A Close Look At Contributory Negligence

Even young children soon discover that an accident can result from the actions of more than one person. The legal system also recognizes that possibility. Consequently, anyone that has filed a personal injury claim could get hit with a charge of contributory negligence.

What is contributory negligence?

It is a charge made by one of the parties in a personal injury lawsuit. It alleges that one party performed some action that had the ability to increase the chances for an accident. In a personal injury case, the court uses percent to measure the extent of the opposing party’s contributions.

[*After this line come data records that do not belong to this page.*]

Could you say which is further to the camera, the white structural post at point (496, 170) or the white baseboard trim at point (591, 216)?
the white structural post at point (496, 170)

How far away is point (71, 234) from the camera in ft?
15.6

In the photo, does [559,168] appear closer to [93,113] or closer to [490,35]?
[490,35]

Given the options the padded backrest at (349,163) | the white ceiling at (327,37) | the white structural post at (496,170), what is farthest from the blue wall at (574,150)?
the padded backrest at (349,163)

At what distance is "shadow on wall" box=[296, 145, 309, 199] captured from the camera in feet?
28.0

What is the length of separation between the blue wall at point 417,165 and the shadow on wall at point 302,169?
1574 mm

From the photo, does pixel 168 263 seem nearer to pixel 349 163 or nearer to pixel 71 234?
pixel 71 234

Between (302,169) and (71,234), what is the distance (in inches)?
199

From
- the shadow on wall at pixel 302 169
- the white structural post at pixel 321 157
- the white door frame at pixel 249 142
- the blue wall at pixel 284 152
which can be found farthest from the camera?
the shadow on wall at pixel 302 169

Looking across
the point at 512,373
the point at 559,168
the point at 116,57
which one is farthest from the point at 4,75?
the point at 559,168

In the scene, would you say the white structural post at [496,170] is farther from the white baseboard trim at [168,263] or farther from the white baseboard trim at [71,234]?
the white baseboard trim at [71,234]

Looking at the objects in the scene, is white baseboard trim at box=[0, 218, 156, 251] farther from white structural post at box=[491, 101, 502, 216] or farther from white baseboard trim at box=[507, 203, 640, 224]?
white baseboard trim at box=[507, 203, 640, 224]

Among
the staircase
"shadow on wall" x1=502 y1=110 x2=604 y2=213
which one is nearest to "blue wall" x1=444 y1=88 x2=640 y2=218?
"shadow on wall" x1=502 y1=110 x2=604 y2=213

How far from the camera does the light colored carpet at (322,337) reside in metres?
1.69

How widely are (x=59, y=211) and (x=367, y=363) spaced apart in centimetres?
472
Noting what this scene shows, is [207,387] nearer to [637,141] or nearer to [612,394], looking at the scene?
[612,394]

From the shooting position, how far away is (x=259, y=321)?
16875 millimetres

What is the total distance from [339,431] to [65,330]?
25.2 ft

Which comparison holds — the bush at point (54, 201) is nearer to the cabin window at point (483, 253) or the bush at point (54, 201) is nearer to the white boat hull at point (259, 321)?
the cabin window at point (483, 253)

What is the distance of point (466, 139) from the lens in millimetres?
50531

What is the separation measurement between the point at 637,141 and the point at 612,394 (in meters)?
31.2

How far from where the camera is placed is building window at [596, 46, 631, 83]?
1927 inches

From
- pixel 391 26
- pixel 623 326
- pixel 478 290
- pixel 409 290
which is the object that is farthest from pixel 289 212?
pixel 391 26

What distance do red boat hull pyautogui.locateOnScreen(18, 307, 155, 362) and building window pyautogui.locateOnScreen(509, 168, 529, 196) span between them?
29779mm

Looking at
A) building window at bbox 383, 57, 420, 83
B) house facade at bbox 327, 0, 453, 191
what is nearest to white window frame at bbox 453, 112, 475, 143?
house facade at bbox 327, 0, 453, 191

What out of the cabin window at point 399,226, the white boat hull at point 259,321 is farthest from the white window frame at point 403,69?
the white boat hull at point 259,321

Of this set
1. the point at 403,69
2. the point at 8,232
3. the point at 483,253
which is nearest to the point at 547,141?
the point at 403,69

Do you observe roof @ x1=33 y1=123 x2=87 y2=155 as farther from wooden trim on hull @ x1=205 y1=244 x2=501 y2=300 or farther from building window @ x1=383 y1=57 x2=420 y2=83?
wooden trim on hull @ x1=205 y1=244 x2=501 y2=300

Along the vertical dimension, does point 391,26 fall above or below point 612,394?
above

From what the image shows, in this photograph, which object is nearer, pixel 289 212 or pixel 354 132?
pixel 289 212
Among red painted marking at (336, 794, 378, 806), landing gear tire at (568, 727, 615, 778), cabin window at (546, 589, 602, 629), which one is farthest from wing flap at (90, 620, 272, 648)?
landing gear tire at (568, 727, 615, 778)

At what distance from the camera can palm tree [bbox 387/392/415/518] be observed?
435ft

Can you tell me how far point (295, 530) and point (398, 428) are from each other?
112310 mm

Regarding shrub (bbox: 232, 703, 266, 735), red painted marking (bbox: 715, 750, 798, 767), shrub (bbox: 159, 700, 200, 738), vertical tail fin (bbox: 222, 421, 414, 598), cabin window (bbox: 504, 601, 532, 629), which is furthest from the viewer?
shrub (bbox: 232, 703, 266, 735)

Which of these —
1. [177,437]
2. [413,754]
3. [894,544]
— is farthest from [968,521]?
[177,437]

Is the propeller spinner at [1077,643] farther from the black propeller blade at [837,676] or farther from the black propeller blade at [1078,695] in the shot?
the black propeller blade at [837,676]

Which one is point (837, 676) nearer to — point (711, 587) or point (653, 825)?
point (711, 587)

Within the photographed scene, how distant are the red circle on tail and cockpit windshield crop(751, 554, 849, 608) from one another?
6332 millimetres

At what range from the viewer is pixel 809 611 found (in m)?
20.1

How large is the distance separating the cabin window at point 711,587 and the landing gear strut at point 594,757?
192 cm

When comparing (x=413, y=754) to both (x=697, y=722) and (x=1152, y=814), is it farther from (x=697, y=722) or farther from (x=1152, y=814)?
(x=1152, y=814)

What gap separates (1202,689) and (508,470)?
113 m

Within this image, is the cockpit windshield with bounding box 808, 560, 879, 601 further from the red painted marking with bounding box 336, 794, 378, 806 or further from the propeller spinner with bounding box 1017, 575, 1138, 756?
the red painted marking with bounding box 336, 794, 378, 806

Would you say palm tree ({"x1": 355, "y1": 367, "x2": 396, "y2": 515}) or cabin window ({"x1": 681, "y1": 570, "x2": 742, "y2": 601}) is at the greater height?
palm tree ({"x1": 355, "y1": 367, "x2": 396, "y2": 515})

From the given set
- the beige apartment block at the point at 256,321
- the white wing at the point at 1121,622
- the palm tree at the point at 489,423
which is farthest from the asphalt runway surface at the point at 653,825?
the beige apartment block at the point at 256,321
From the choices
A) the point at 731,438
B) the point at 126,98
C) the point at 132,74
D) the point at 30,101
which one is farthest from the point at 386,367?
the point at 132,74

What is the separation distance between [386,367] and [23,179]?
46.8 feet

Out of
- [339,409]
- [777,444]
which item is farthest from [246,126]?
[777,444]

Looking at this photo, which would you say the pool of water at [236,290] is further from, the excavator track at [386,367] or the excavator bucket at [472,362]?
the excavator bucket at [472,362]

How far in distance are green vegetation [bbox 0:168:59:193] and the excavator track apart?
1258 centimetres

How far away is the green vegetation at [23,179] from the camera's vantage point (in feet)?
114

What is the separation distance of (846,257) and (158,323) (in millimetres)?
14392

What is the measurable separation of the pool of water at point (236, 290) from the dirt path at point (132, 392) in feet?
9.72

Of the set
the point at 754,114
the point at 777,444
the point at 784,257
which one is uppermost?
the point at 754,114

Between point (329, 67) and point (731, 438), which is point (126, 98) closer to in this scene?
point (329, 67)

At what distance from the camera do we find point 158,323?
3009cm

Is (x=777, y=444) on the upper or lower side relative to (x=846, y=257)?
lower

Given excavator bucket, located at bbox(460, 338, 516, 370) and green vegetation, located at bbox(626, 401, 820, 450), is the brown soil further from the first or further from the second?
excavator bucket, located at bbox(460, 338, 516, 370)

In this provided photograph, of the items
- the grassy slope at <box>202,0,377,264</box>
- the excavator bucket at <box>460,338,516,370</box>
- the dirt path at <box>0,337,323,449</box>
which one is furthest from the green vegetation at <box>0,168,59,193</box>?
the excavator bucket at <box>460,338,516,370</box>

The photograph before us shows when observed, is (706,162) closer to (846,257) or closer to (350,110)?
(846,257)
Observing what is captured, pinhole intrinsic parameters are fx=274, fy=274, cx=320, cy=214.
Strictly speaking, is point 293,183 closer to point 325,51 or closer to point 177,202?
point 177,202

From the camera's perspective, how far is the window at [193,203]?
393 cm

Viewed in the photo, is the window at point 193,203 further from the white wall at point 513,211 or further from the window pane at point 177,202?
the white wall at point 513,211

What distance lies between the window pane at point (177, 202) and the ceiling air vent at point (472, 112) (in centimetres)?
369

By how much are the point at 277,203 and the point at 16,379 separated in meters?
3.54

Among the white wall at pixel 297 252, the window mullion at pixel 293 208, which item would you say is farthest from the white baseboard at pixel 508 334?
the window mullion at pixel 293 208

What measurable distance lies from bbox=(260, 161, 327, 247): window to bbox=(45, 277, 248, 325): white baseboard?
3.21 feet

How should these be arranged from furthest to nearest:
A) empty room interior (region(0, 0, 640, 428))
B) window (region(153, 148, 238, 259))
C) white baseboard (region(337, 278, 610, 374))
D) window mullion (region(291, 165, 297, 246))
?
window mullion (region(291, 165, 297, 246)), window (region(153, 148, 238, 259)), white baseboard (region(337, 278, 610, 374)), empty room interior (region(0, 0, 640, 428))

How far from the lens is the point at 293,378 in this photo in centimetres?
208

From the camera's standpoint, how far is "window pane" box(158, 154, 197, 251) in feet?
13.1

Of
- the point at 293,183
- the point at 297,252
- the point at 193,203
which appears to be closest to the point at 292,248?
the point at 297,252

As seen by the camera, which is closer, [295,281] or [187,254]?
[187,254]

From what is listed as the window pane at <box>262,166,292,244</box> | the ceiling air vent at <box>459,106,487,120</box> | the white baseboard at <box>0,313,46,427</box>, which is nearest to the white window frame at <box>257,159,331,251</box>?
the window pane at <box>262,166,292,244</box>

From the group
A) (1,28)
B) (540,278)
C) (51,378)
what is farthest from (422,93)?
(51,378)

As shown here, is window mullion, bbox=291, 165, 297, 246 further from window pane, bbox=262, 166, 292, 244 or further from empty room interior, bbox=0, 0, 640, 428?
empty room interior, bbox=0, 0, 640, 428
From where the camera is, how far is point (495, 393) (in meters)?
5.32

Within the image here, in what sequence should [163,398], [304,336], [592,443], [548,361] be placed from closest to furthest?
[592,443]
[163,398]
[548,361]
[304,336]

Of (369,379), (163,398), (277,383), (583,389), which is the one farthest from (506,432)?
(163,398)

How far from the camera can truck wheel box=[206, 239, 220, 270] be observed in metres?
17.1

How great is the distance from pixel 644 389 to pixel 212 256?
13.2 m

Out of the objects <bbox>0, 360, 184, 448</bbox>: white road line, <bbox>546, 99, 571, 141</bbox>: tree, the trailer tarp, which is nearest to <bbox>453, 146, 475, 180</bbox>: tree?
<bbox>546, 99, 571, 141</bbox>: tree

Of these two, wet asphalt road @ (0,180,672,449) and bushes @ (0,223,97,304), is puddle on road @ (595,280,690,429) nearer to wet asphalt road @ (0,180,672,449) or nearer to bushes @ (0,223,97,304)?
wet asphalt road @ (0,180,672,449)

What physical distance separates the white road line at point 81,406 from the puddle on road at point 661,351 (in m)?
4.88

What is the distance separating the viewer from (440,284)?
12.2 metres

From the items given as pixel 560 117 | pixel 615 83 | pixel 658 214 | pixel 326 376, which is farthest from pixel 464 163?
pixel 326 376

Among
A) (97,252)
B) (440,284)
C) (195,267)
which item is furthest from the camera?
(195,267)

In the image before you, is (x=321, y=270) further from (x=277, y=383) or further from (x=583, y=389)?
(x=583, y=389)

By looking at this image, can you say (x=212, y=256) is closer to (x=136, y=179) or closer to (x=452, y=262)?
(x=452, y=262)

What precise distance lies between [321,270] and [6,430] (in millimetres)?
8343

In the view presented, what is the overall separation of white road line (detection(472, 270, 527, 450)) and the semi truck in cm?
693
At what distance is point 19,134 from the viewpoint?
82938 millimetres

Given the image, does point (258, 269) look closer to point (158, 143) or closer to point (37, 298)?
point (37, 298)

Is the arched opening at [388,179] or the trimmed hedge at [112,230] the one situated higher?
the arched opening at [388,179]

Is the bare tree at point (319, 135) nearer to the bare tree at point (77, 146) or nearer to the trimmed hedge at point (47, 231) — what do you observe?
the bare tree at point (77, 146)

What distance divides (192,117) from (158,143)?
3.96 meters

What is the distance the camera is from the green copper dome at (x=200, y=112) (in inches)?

In legal terms, a party charged with contributory negligence has demonstrated a voluntary assumption of risk. If a plaintiff in a personal injury case has been charged with contributory negligence, he or she can still go ahead and file a claim for damages. Yet the Injury Lawyer in Stouffville knows that the award for gross damages will get reduced in proportion to the size of the plaintiff’s contribution.

What sort of action qualifies as contributory negligence?

A pedestrian would be guilty of voluntary assumption of risk, if he or she were to dart out into the street from between 2 parked cars. If a driver, were to hit that same pedestrian, the damages owned by the same driver would get reduced, in proportion, according to the extent to which the pedestrian’s actions contributed to the unfortunate incident.

In this case, the court would study the incident and decide whether or not to charge contributory negligence. Then the same court would decide on the amount of money to be taken from the award expected by the plaintiff. Consequently, the driver that hit the pedestrian would need to pay less money, as compensation for the plaintiff’s injuries.

When the law dictates the court’s decision?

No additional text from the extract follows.